NCGS is non-coeliac gluten sensitive, another gluten related disorder, not coeliac - which gets the most attention but is far from being the only problematic form. Coeliac testing, be it blood or biopsy or normal genetic, will not be looking for enough to definitively rule out coeliac, never mind any other form of GRD. Unless the damage is significant, from late stage disease, it is easy to miss. Only a relatively small number of those who are actually coeliac have a diagnosis (the UK is better than some, but still only about 15-20%). And there are lots who are not coeliac but still react to glutens (not just wheat, but potentially any grains - I went traditional gluten free first, which means you eat more of the things that are used as alternatives, like corn, millet, rice starches, and I found that I reacted and had to remove the lot, so have been grain free for 5 years until just starting to reintroduce rice in the last month). Remember that genetic susceptibility still needs triggers to express - far more will have gluten related gene variants than will actually develop a GRD - but we shouldn't be looking only for traditional coeliac genes, and antibodies may well not show without significant or even total atrophy. We also don't generally look for enough transglutaminases - tTg2 is generally thought to be related to gut-centred gluten illness like coaeliac, but not exclusively, and tTg3 may show for skin reactions and tTg6 for general gluten related disorder including brain, neurological and nervous system. Gluten doesn't only affect the gut, even for coeliacs, and may well be neuro or skin first.

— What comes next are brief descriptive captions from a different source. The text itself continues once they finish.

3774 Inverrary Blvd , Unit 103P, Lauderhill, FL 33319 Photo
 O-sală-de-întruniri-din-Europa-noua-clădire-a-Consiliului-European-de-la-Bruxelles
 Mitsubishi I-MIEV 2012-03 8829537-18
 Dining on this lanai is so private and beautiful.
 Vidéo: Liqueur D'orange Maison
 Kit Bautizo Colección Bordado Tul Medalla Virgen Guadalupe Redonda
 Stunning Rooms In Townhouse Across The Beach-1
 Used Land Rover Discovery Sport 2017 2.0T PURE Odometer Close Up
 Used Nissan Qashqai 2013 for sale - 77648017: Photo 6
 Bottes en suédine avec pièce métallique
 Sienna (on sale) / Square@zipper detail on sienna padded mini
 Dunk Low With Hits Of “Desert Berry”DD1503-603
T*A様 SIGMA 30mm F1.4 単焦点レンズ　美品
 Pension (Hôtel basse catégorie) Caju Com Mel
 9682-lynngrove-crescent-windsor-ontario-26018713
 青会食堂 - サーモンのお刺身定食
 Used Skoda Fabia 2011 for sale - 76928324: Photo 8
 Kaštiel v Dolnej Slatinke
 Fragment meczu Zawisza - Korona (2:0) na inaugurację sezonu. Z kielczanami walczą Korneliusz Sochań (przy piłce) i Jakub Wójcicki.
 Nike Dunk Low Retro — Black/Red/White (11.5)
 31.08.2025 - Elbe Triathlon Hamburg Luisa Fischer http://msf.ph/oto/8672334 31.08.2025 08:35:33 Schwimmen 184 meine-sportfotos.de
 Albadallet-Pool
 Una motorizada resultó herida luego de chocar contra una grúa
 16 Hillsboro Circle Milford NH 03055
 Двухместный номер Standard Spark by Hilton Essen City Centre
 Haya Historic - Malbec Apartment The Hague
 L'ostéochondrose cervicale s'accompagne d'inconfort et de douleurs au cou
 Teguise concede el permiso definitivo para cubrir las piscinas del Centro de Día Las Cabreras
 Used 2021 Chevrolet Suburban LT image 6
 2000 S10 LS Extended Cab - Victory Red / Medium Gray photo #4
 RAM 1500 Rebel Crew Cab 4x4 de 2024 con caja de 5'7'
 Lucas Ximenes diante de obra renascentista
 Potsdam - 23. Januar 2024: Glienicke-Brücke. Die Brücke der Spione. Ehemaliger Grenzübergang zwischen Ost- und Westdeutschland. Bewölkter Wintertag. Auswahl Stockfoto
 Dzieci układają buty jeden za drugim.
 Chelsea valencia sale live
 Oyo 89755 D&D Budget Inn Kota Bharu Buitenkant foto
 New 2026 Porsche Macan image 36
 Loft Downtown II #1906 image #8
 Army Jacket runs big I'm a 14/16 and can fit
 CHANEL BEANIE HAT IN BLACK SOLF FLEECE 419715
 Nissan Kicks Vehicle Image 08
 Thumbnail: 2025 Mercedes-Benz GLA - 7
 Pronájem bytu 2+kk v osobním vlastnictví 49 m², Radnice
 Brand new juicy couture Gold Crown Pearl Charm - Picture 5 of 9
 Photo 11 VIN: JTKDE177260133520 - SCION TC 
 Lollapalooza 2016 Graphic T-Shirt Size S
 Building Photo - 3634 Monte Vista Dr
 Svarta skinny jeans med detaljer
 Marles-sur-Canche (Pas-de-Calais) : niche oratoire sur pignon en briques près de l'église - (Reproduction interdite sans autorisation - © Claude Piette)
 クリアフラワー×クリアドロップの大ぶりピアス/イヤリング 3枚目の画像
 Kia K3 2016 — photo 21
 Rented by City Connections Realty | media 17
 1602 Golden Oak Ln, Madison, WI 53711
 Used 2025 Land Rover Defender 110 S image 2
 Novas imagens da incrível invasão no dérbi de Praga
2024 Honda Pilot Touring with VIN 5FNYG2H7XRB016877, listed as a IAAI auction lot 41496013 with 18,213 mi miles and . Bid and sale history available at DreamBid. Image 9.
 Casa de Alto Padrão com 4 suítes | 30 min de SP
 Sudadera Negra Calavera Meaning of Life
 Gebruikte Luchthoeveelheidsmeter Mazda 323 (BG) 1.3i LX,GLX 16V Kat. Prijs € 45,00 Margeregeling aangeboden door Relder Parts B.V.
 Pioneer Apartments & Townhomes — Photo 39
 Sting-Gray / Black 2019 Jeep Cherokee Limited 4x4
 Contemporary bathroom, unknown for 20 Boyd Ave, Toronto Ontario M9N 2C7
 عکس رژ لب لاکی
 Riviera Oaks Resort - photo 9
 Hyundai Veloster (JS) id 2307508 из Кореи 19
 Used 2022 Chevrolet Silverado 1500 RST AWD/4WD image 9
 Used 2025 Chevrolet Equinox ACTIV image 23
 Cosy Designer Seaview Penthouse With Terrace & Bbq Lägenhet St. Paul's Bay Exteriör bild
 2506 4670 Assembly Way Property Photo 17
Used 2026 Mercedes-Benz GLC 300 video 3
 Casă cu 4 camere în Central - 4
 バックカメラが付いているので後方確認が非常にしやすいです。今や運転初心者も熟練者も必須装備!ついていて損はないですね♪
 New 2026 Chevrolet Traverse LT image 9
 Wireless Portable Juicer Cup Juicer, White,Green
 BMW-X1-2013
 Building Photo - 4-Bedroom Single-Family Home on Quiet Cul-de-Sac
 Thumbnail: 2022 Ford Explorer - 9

HLA-DQ2 is the usual genetic marker for coeliac susceptibility, but can also appear with NCGS, and HLA-DQ8 may also appear with either. HLA-DQ1 and HLA-DQ3 are more common in NCGS and there may well be others that we don't yet know about. If you have the genetics and the symptoms, best to assume that your genetic vulnerability has expressed, even without antibodies. If you have the genes but not the symptoms then monitor regularly as some will express and some won't and no-one can predict who.
Gluten is associated with poor sphincter of oddi function and chronic pancreatitis as well as decreased pancreatic enzymes and bile acids and stomach acid, associated malnutrition and inflammation.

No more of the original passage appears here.